Isaac D. Smith (born 2 May 1932) was a major general in the United States Army.

Education
Smith was in the Reserve Officers Training Corps at Southern University and A&M College, where he earned a B.S. in Agriculture.  He also earned a Masters in Public Administration from Shippensburg State College. He also completed several military education courses and attended the U.S. Army War College.

Assignments
According to The Rocks, inc., website:

In 1983, when Smith was a Brigadier general, The Crisis named him one of the "top blacks in the Armed Forces."  At the time, he held the same rank as Colin Powell.  He was noted in Blacks in American armed forces: 1776-1983, as well as African American generals and flag officers.

Smith was the author of a major Army report on THE DEPENDENTS SCHOOLS SYSTEM IN USAREUR, about the education of "army brats" in Europe.

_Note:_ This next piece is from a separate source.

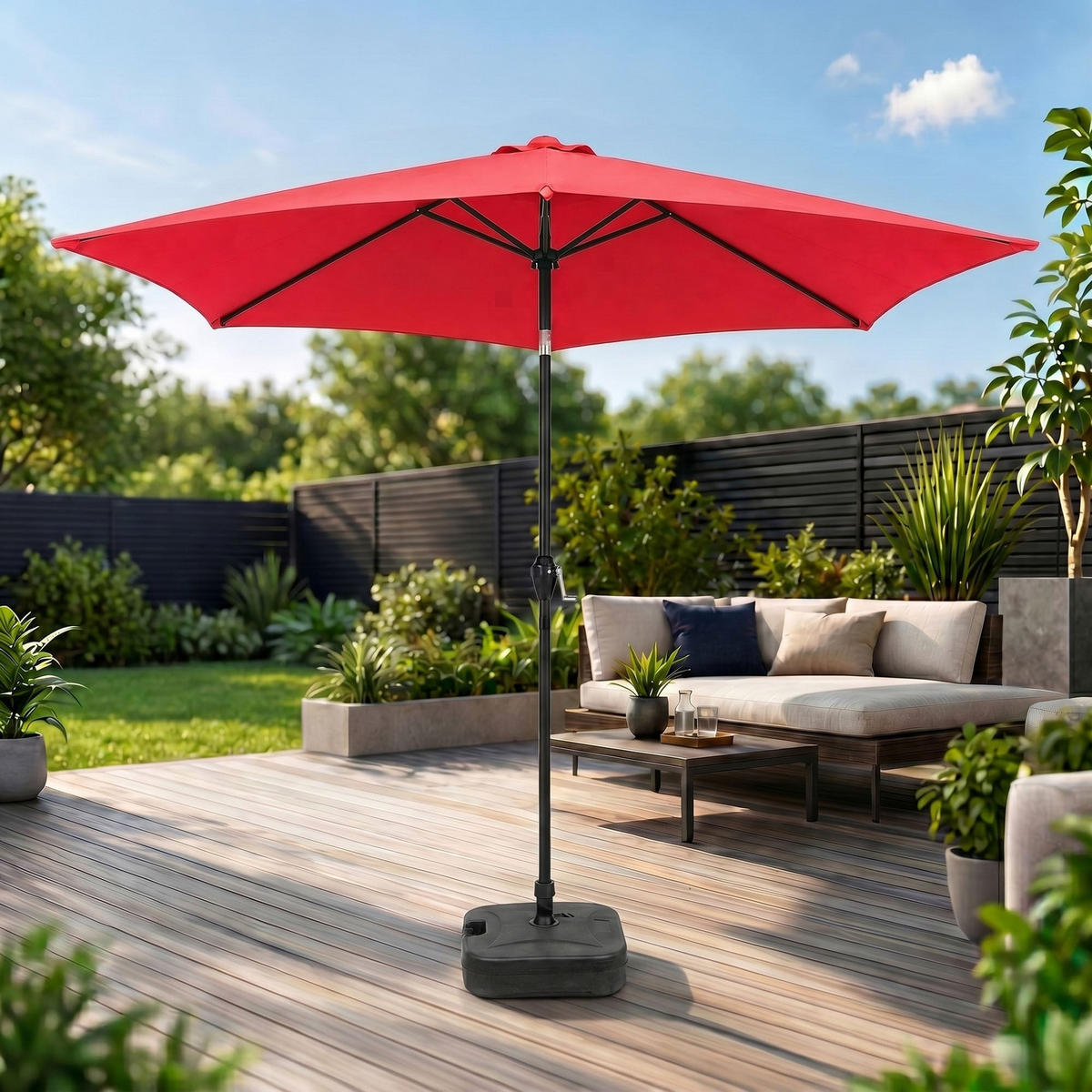 SONNENSCHRIM Rot 235/270 cm - Rot/Schwarz, Metall (270/270cm) - Akord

In 1989, the Comptroller General of the Department of Defense found that Smith failed to abide by the "Fly America Act", which required use of US-based airlines for military flights; Smith's case became a precedent.

Awards
Smith won several DOD awards and decorations including the Distinguished Service Medal, the Silver Star, Defense Superior Service Medal, the Legion of Merit (with Oak Leaf Cluster), Bronze Star Medal, the Meritorious Service Medal (with Oak Leaf Cluster), and the Army Commendation Medal (with two Oak Leaf Clusters).

In 1999, Smith was named "Rock of the Year" by The Rocks, Inc., an association of ROTC officers.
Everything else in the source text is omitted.